**EXERCISE:** Copy exactly the lines of the material below that fall between the line with "Here's the second" and the line with "Surgical treatment includes", both of those lines included; pictures stay out.

**THE DATA:**
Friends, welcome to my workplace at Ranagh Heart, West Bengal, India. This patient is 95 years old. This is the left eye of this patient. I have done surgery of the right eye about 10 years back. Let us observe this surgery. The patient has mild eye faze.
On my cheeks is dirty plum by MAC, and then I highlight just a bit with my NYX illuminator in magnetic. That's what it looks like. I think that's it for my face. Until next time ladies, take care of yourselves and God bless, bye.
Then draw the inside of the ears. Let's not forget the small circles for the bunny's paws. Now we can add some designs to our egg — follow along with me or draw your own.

...

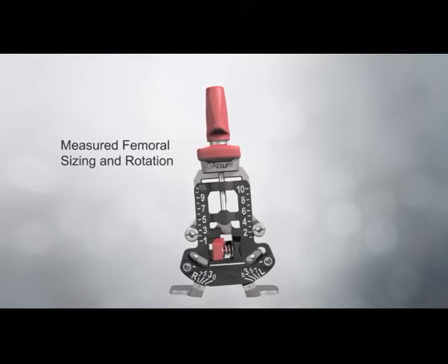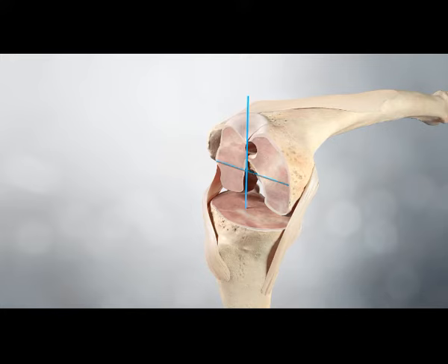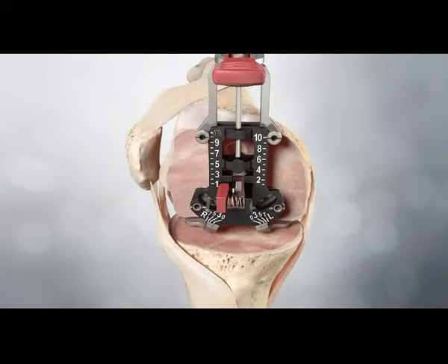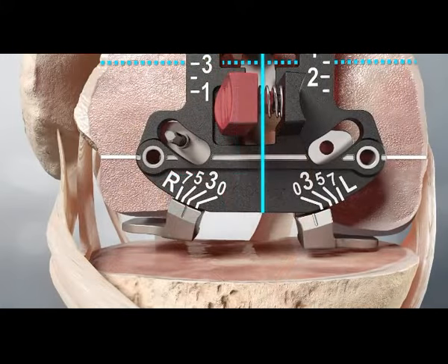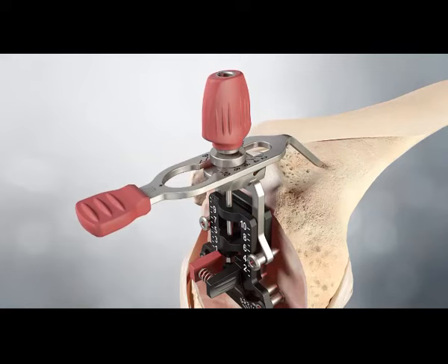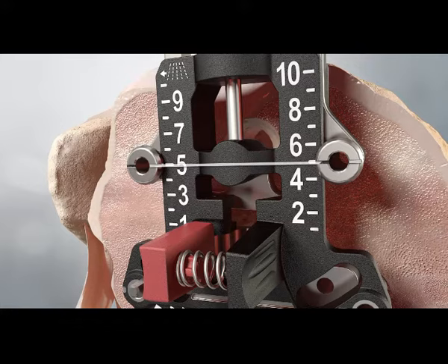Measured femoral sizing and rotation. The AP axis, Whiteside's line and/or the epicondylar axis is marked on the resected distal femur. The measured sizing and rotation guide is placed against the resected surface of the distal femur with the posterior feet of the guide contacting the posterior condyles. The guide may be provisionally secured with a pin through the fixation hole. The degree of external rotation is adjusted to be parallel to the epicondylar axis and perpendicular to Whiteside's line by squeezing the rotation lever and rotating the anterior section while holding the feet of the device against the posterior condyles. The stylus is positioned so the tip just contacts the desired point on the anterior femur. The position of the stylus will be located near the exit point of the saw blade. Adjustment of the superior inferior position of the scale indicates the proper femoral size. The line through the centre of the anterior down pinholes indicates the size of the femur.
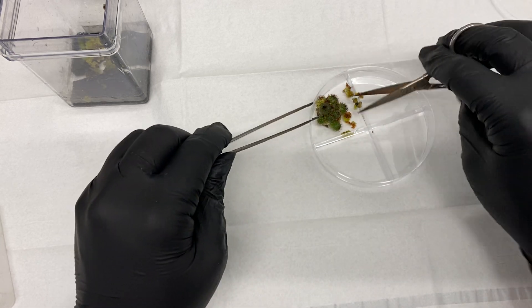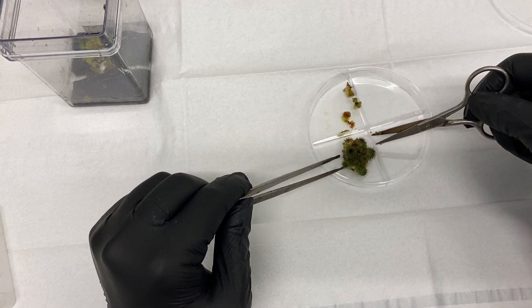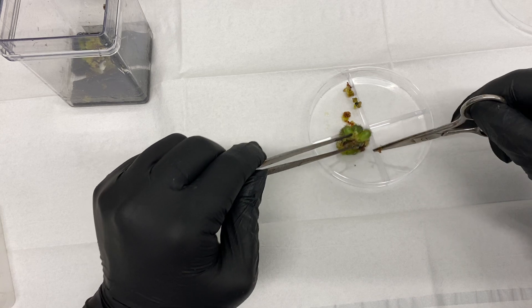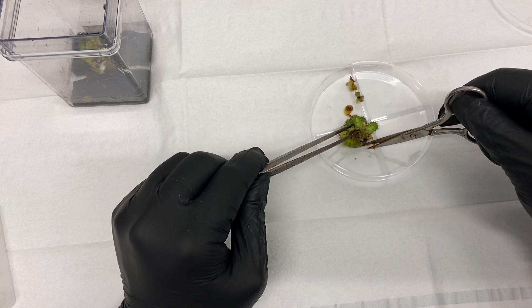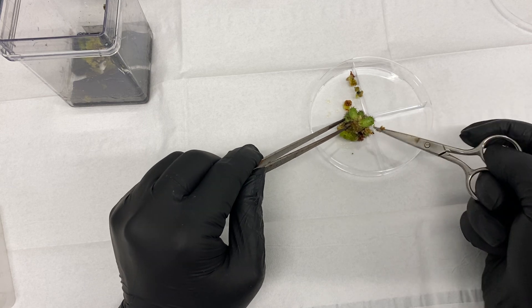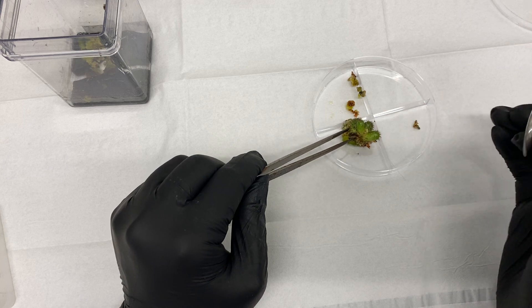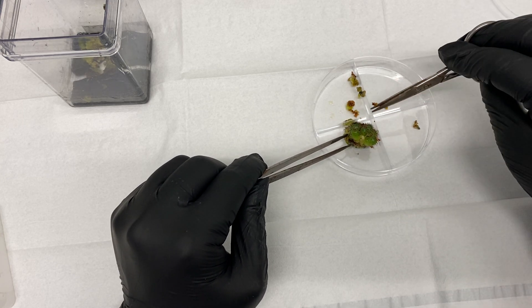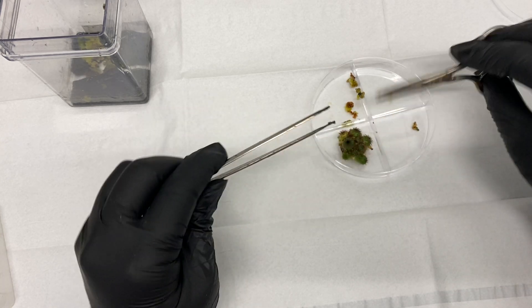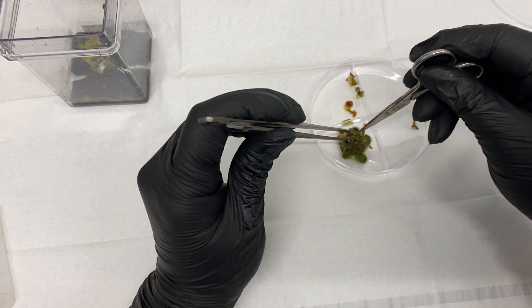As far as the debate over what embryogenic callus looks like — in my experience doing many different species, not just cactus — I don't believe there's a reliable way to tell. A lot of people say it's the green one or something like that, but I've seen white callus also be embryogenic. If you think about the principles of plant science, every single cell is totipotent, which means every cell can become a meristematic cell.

...

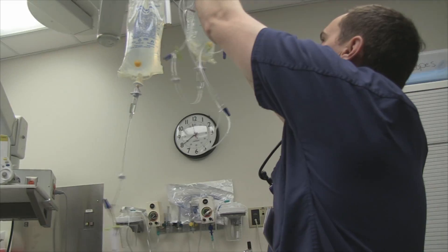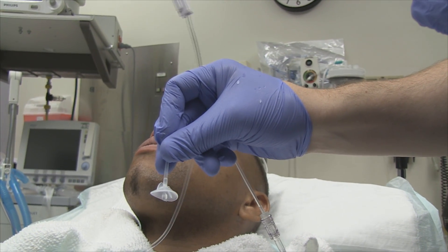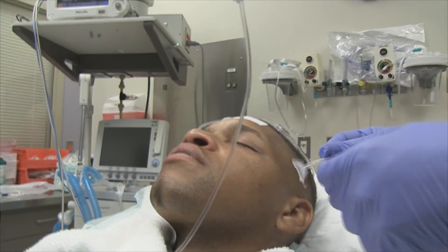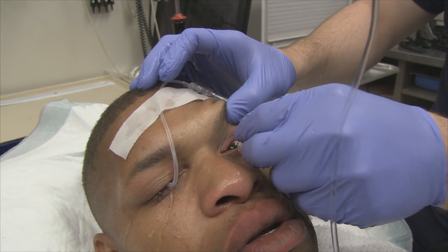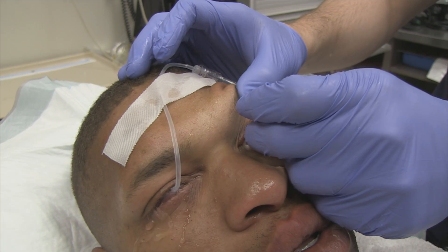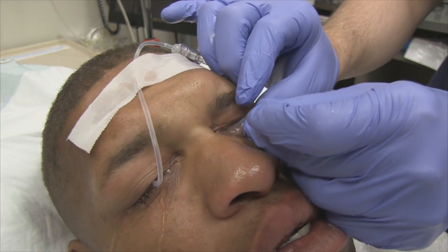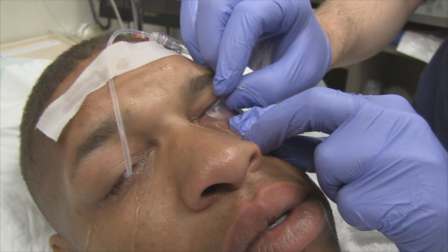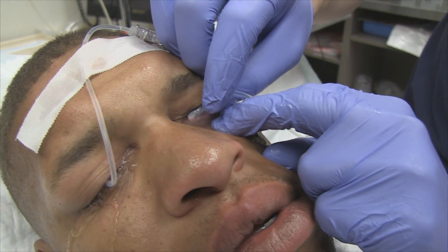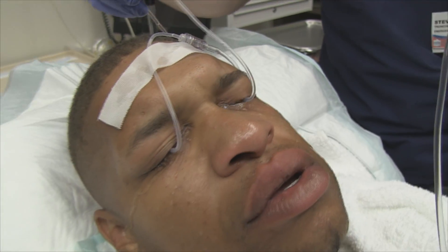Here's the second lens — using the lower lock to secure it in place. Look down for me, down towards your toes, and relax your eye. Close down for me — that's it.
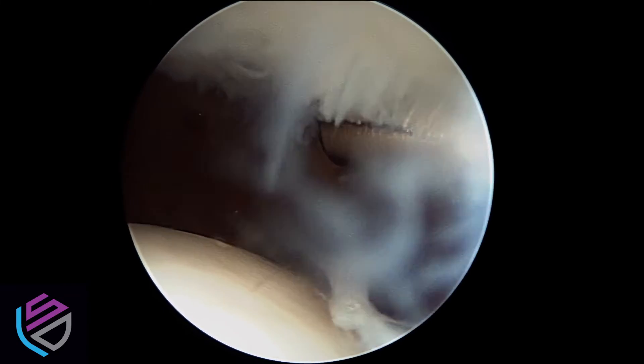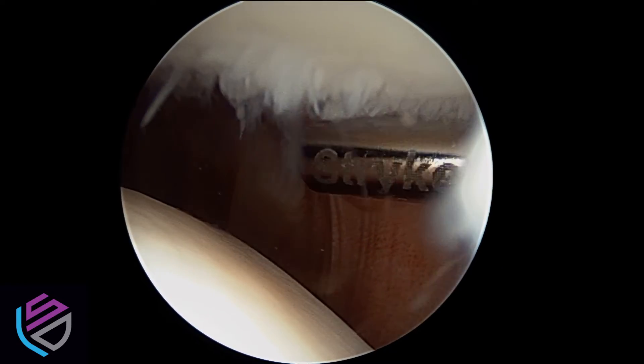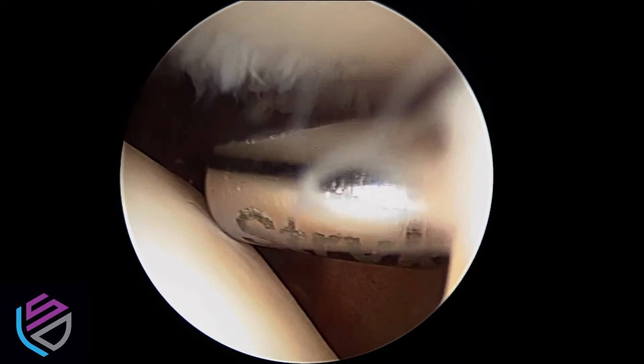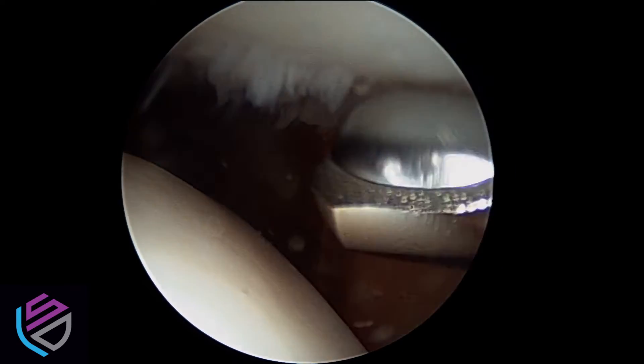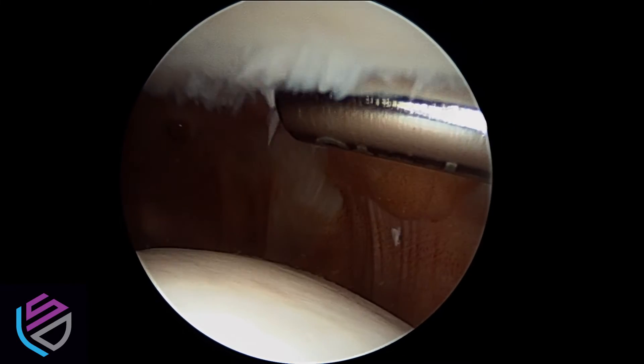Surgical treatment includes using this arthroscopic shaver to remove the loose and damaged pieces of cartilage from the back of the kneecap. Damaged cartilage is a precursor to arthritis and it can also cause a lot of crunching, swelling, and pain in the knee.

**SOLUTION TO THE EXERCISE:**
Here's the second lens — using the lower lock to secure it in place. Look down for me, down towards your toes, and relax your eye. Close down for me — that's it.
Surgical treatment includes using this arthroscopic shaver to remove the loose and damaged pieces of cartilage from the back of the kneecap. Damaged cartilage is a precursor to arthritis and it can also cause a lot of crunching, swelling, and pain in the knee.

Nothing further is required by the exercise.